書評:櫻井義秀・中西尋子著『統一教会』145


 櫻井義秀氏と中西尋子氏の共著である『統一教会:日本宣教の戦略と韓日祝福』(北海道大学出版会、2010年)の書評の第145回目である。

「第Ⅲ部 韓国に渡った女性信者 第八章 韓国社会と統一教会」の続き

 先回は中西氏が「韓国における統一教会研究」と題して紹介した韓国における先行研究、ならびに日本との違いに関する記述を踏まえて、統一教会に対する批判的著作をテーマごとに整理し、欧米、日本、韓国の三つの地域の特徴について解説した。その結果分かったことは、欧米が最もバランスが良く、批判的なもの、好意的なもの、中立的なものがそろっているということであった。特に学問的研究においては欧米が最も進んでいると言っていいだろう。次いで日本だが、客観的で価値中立的な研究は欧米に比べれば少ない。韓国には、宗教的動機による神学と実態の双方に対する批判本しか事実上存在しないと言っていい。

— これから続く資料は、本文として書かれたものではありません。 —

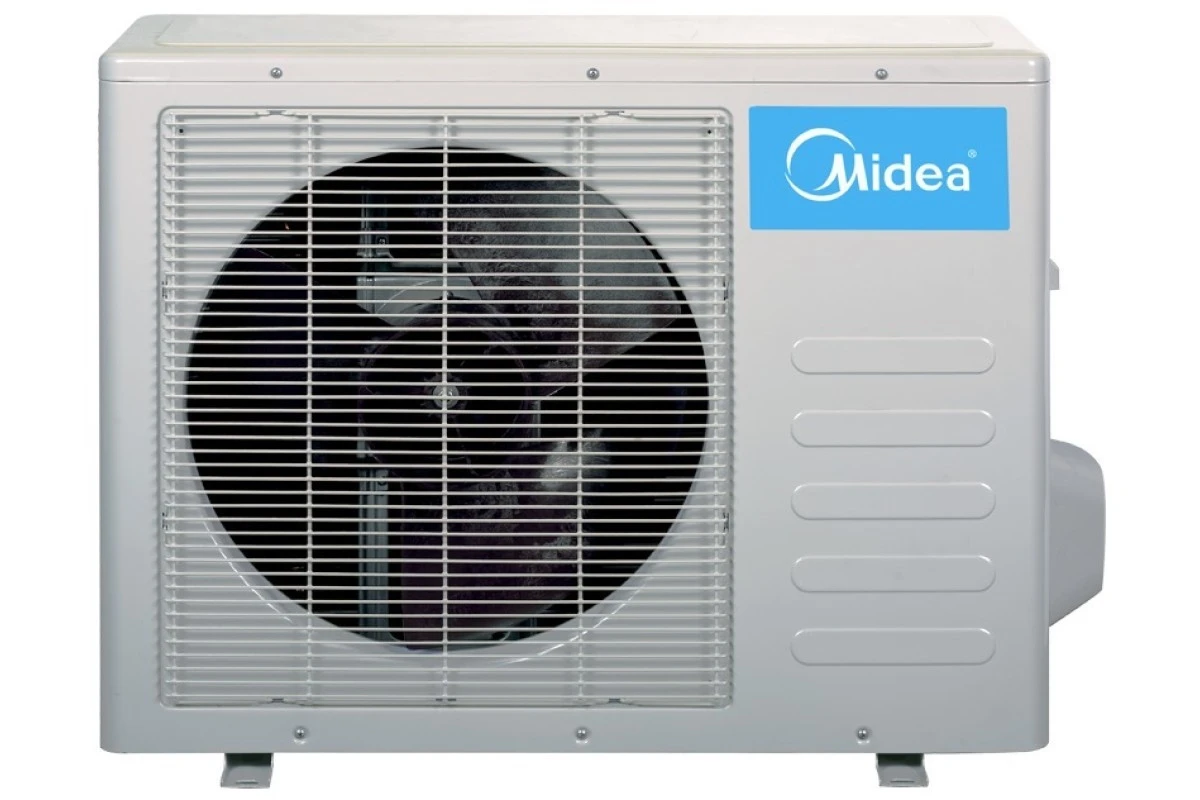 Кассетный кондиционер Midea MCD-24HRN1-Q/MOU-24HN1-Q/-40/T-MBQ-02M4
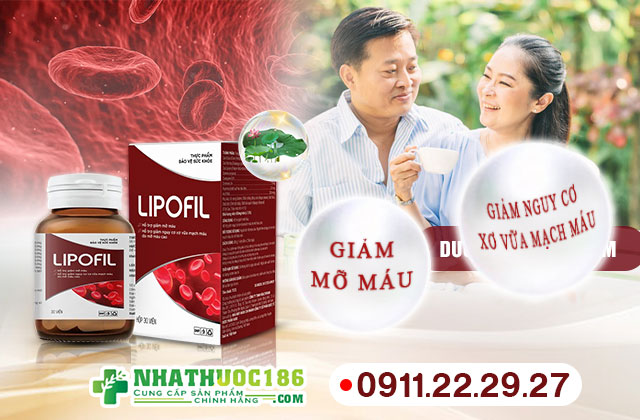 Lipofil là gì ?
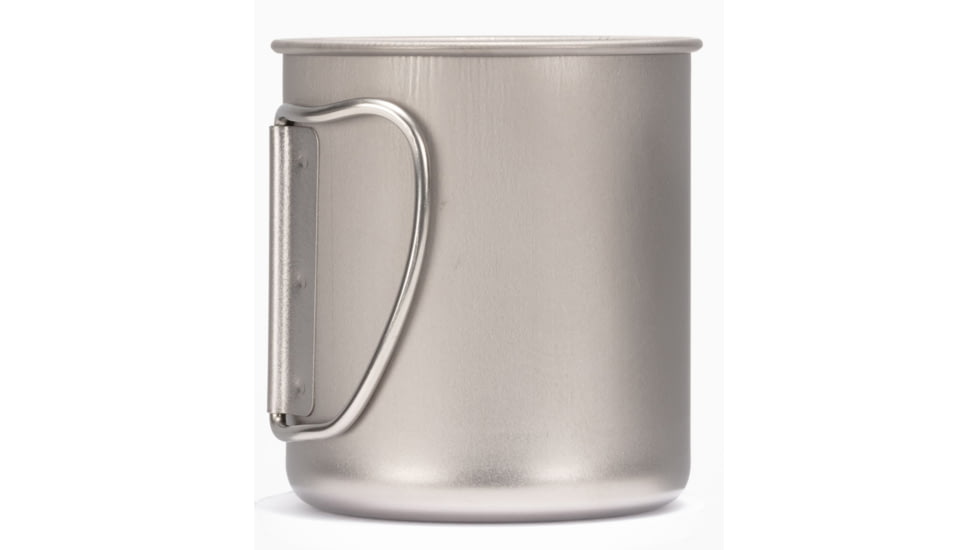 Snow Peak Titanium Single Wall Cup 300 FH, MG-142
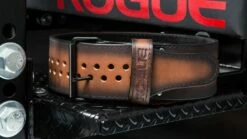 Rogue Faded 4" Lifting Belt By Pioneer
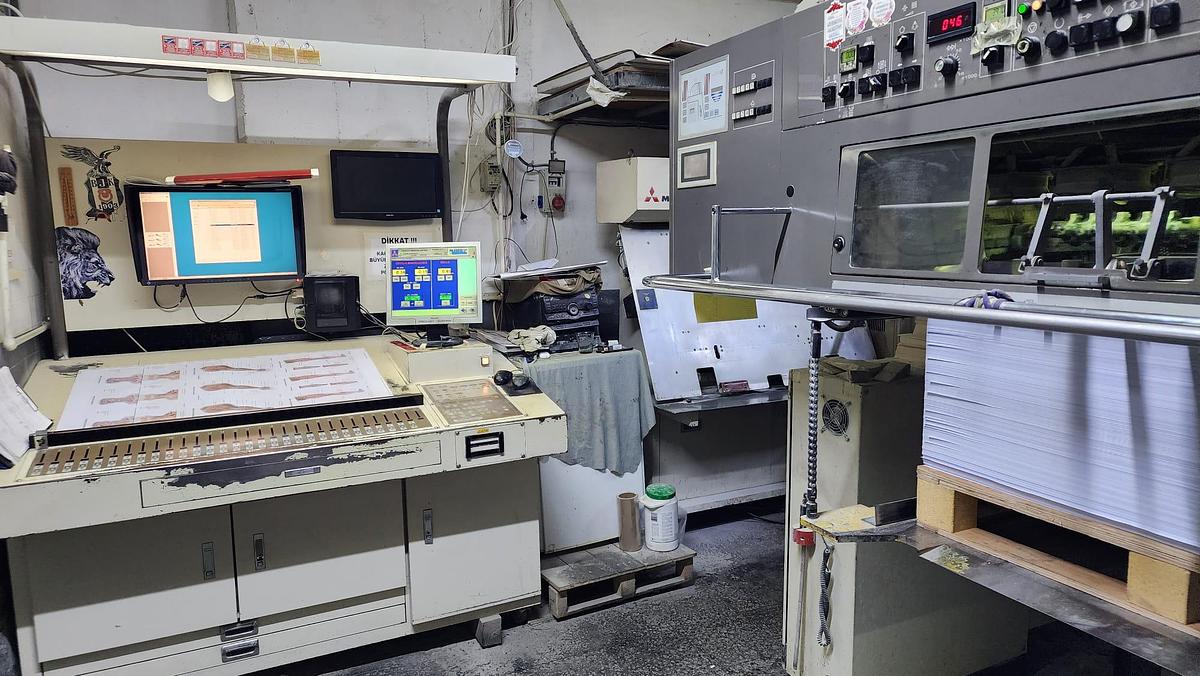 Used 1998 Mitsubishi 3H5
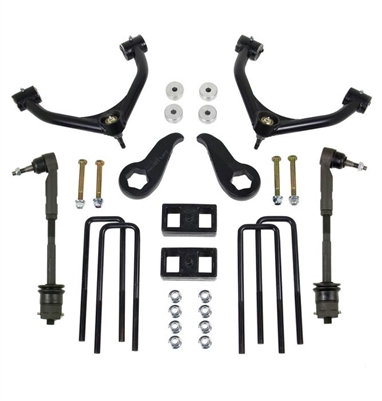 Ready Lift 3.5''F / 1''R SST LIFT KIT- GM SILVERADO / SIERRA 2500 HD 2011-2018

 これを通して見えてくるのは、統一教会に対する反対運動の実相である。そもそも、統一教会に対して何の利害関係も関心もない人が、わざわざ著作を書くということは通常は考えられない。宗教学者による客観的な研究は例外だが、その他の著作は教団側の宣伝を目的とした出版物か、反対派による批判本に大きく分類されると言ってよいだろう。したがって、統一教会に対する批判書の性格は、そのまま統一教会に対する反対勢力の性格を映し出していると考えられる。そこで、しばらく中西氏の記述に対する直接の批判を離れて、韓国、欧米、日本における統一教会反対勢力について解説することにする。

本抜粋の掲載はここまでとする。